Another new feature, Property Exchange, goes beyond the generic configuration of Profile Configuration and allows communication of specific data, such as patches, between devices. Porter gives the following example of how it might work:
“My DX7 is sitting right next to me connected to a rackmount synth. When I press a patch change on the controller, there’s no way for me, when looking at the keyboard, to know that patch 20 happens to be a Rhodes. It’s just a number. With Property Exchange being able to go across that, a keyboard with a much nicer display is going to be able to say to that synth, ‘What are your patch names?’ Which is so obvious. But now we have a mechanism to do that.”
“It will be easy to store hardware synth parameters within a DAW,” adds Anderton, “in a far more obvious—and human-readable—way than Sys Ex. Signal processors will then become, as far as a DAW is concerned, a plug-in. It would even be possible to retrofit some older synths to do this, but whether there would be an economic incentive is questionable.”
What’s the Timeline?
All of these new capabilities sound fantastic, but gear with MIDI 2.0 support isn’t yet available, nor is there support among DAWs and plug-ins. One exception is the Roland A-88MKII keyboard. On its website, the company says it is “ready to take advantage of the extended capabilities of MIDI 2.0,” although it hasn’t specified what that readiness entails.

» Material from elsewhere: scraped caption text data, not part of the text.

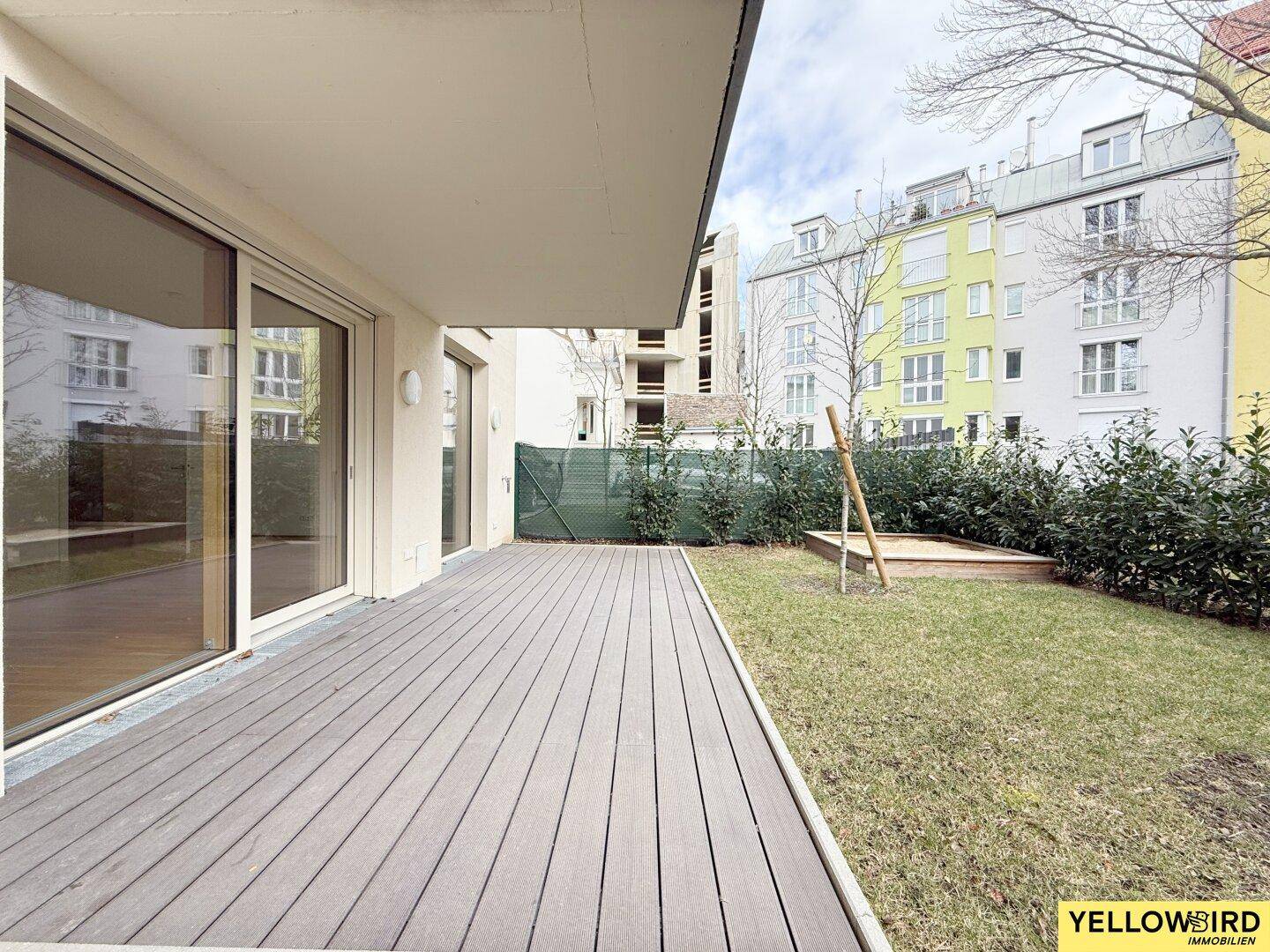 Geräumige Terrasse mit Holzbelag, kleiner Rasenfläche und Sandkasten, umgeben von Wohngebäuden.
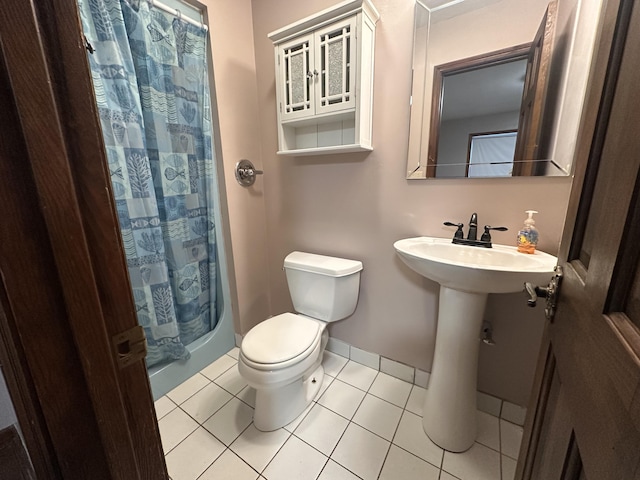 bathroom featuring baseboards, tile patterned flooring, toilet, and a shower with curtain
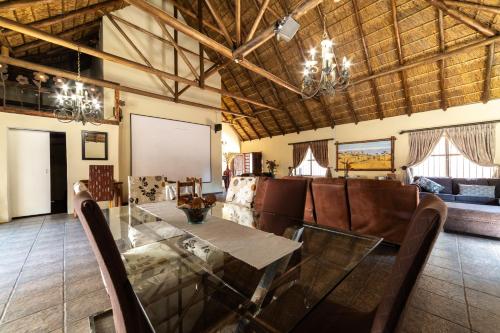 a dining room with a glass table and leather chairs at Thatch Haven Guesthouse in Centurion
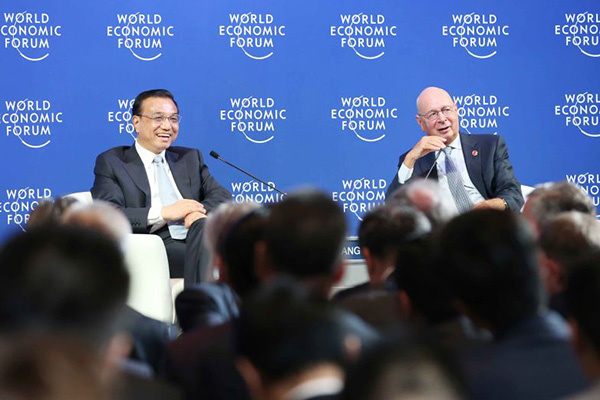 Chinese Premier Li Keqiang speaks with global corporate leaders at the Annual Meeting of the New Champions of the World Economic Forum in Dalian, Liaoning province on September 9, 2015. (Photo provided to China Daily)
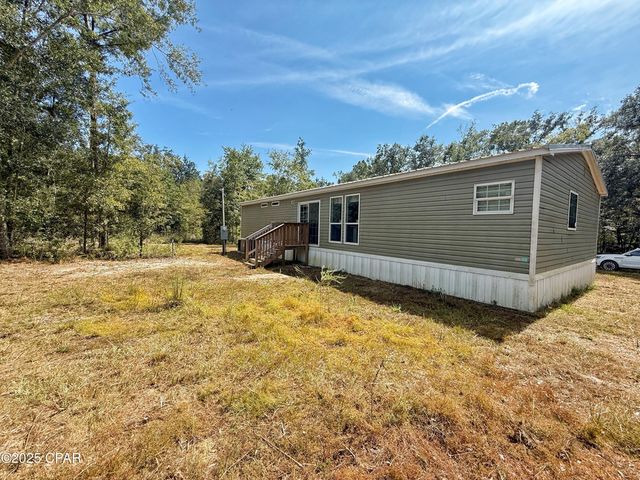 1818 Kaham Lane, Grand Ridge, FL 32442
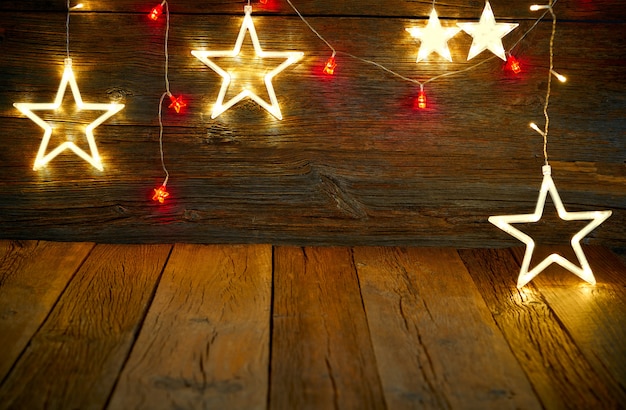 Legno rustico d&#39;annata delle stelle leggere di Natale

Several companies have shown working prototypes, as was evident at the MMA annual meeting at NAMM. “Roland, Korg, and Yamaha sent engineers over from Japan with prototype gear,” Porter says. “They were playing with a Yamaha-modified keyboard controlling a Korg-modified synth over MIDI 2.0, with all the new expressivity and resolution, and it worked.”

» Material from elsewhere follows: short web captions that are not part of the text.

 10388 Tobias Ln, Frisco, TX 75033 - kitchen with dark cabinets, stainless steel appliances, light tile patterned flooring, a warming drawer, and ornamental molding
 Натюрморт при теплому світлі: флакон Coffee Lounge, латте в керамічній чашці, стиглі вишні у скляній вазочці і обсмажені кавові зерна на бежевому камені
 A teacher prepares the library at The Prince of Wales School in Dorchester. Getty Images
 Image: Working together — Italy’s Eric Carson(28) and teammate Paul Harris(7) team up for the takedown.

The Roland A-88MKII keyboard is the first commercial product to offer MIDI 2.0 functionality.
But there are still more hurdles preventing widespread adoption of the new standard. One of them is bureaucratic. “We have to wait for the USB people to approve the way we want to send MIDI 2.0 data over it,” Porter says. “And that’s in process. I have no idea how long that takes. Once that happens, then all the companies like Focusrite and MOTU that make interface boxes have to update their systems. Apple and Microsoft have to update their operating systems. It’s a chicken-and-egg thing, and everybody behind the scenes is doing what they can, waiting for those other pieces.”
It appears that the adoption of MIDI 2.0 is going to happen gradually. “It’s not like we can flick a switch and all of a sudden, MIDI 2.0 comes out the other end,” Anderton points out. “The prioritization on backward-compatibility means new features can roll out over time. It will also be possible to buy products where MIDI 2.0 is dormant, as it waits for other products to appear. Then one day, that product wakes up to find other MIDI 2.0 gear with which it can converse.”
While we wait for MIDI 2.0 to gradually penetrate the market, we have time to say an extended goodbye to MIDI 1.0, and to marvel at its longevity.